> _Problem details_: From the line that includes "Кутия за външна" to the last line of the data, quote each line precisely; both boundary lines belong in the answer.

==========

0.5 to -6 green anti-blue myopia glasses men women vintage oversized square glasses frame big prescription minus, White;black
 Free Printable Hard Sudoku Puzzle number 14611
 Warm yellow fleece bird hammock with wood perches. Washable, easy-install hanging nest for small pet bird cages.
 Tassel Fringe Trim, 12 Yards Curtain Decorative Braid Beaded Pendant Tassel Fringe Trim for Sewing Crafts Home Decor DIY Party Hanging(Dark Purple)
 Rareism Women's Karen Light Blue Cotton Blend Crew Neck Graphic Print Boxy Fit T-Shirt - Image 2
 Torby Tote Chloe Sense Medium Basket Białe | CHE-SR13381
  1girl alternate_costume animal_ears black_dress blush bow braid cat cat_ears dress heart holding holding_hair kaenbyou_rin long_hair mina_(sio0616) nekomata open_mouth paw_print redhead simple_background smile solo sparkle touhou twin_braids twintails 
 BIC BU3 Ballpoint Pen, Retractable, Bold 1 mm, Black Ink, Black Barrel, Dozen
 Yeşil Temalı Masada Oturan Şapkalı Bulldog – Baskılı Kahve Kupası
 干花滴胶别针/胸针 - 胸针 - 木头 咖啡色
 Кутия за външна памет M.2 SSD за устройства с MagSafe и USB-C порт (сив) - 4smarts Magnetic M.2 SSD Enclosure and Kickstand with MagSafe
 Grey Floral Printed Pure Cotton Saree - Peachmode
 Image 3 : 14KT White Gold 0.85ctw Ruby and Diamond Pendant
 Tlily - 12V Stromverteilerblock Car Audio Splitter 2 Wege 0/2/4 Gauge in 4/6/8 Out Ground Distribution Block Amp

==========

> _Your solution_:
 Кутия за външна памет M.2 SSD за устройства с MagSafe и USB-C порт (сив) - 4smarts Magnetic M.2 SSD Enclosure and Kickstand with MagSafe
 Grey Floral Printed Pure Cotton Saree - Peachmode
 Image 3 : 14KT White Gold 0.85ctw Ruby and Diamond Pendant
 Tlily - 12V Stromverteilerblock Car Audio Splitter 2 Wege 0/2/4 Gauge in 4/6/8 Out Ground Distribution Block Amp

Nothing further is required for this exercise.